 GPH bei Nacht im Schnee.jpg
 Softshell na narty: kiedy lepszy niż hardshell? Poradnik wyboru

----------------

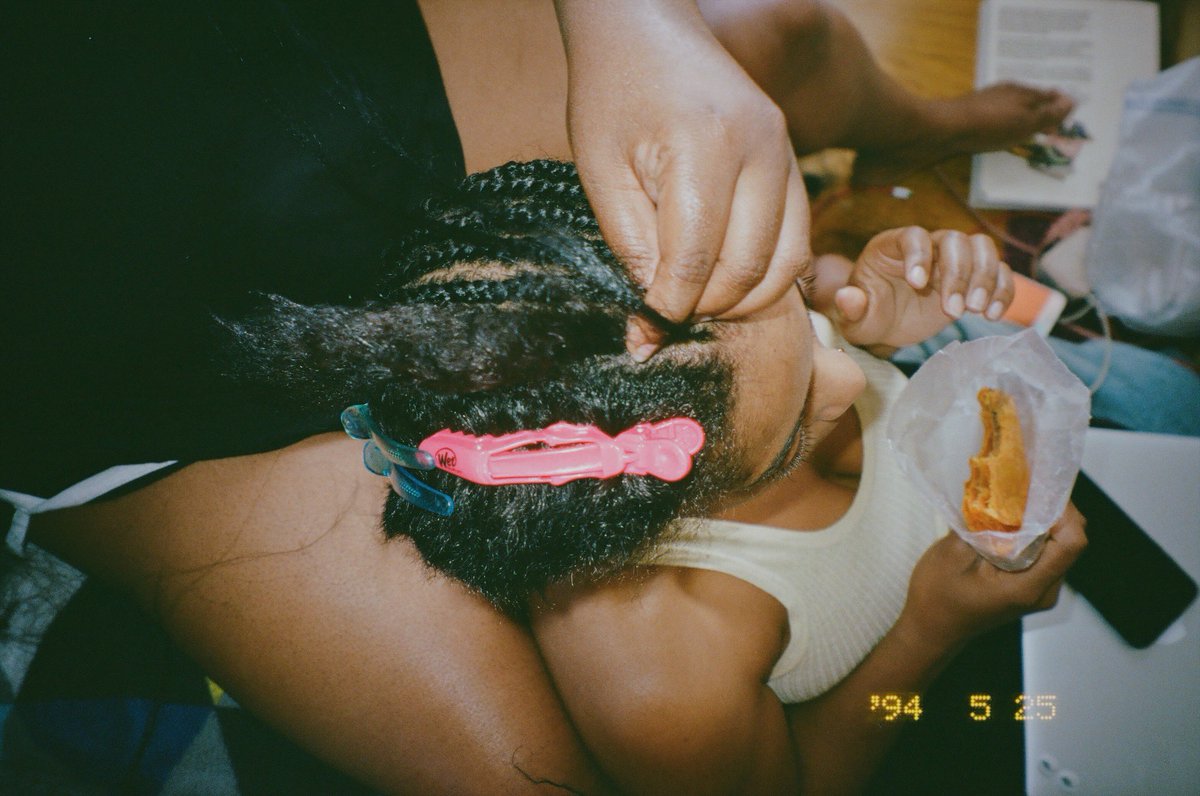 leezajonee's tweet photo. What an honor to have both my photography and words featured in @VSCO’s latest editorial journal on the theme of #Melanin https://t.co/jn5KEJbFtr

----------------

**AIM OF THE TASK**
In the listing above, find the line containing "GPH bei Nacht im Schnee.jpg" and the line containing "Softshell na narty: kiedy", then quote both, plus every line between them, exactly as written.

**EXERCISE RESULT**
 GPH bei Nacht im Schnee.jpg
 Softshell na narty: kiedy lepszy niż hardshell? Poradnik wyboru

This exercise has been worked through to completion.